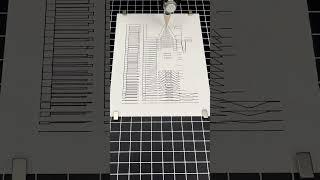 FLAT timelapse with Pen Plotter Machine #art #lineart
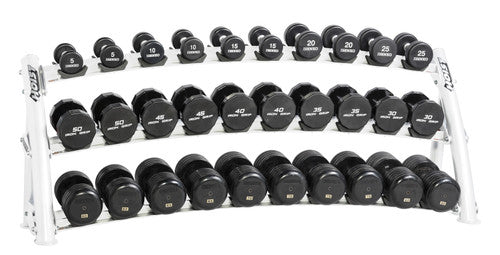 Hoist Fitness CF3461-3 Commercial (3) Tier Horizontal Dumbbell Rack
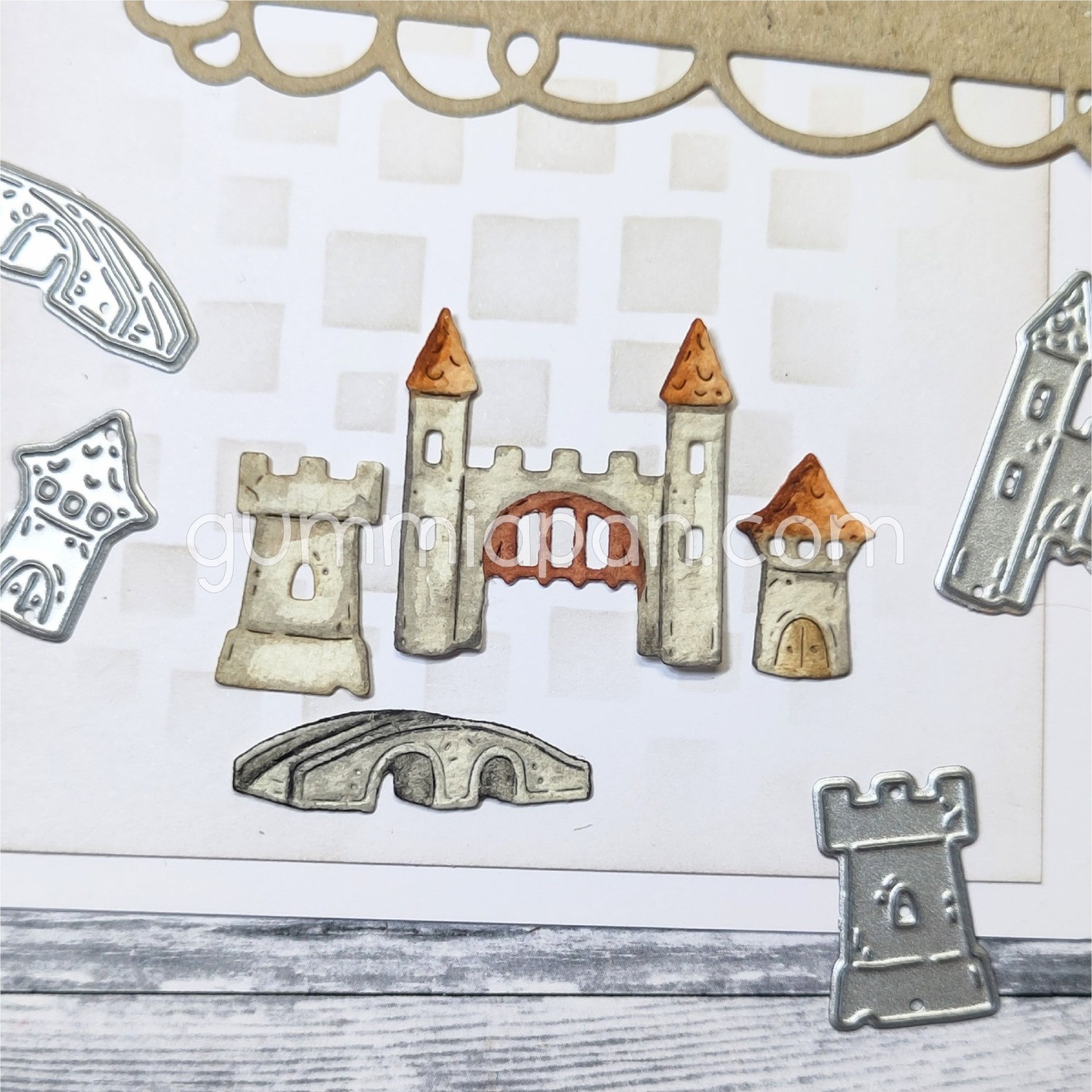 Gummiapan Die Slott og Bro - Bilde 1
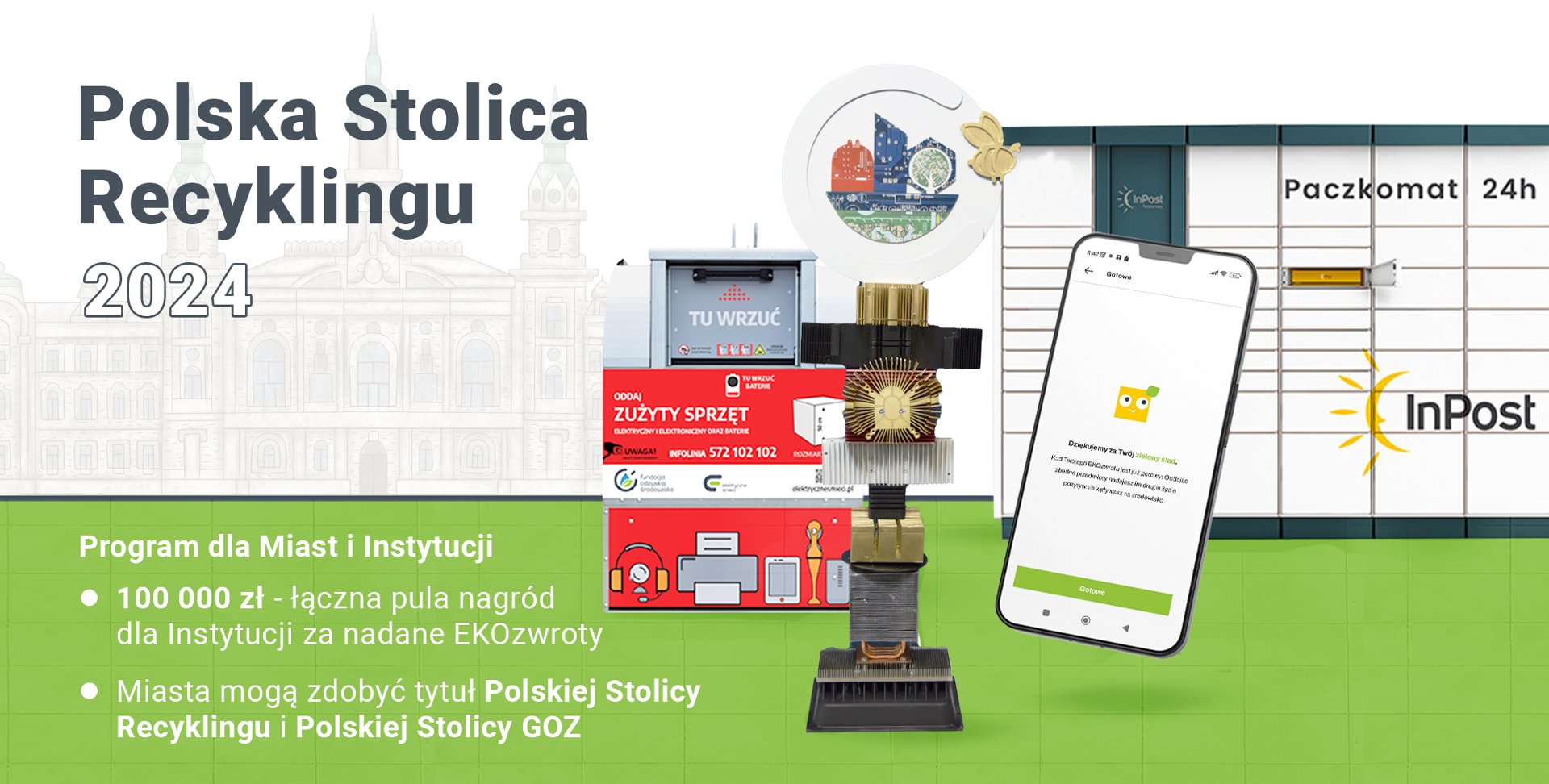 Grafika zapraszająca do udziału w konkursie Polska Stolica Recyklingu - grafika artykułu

-------------------------

Task item
Each line from the one with "Gummiapan Die Slott og Bro - Bilde 1" to the final line of the data above is to be printed exactly; no picture should appear in the copy.

Exercise result
 Gummiapan Die Slott og Bro - Bilde 1
 Grafika zapraszająca do udziału w konkursie Polska Stolica Recyklingu - grafika artykułu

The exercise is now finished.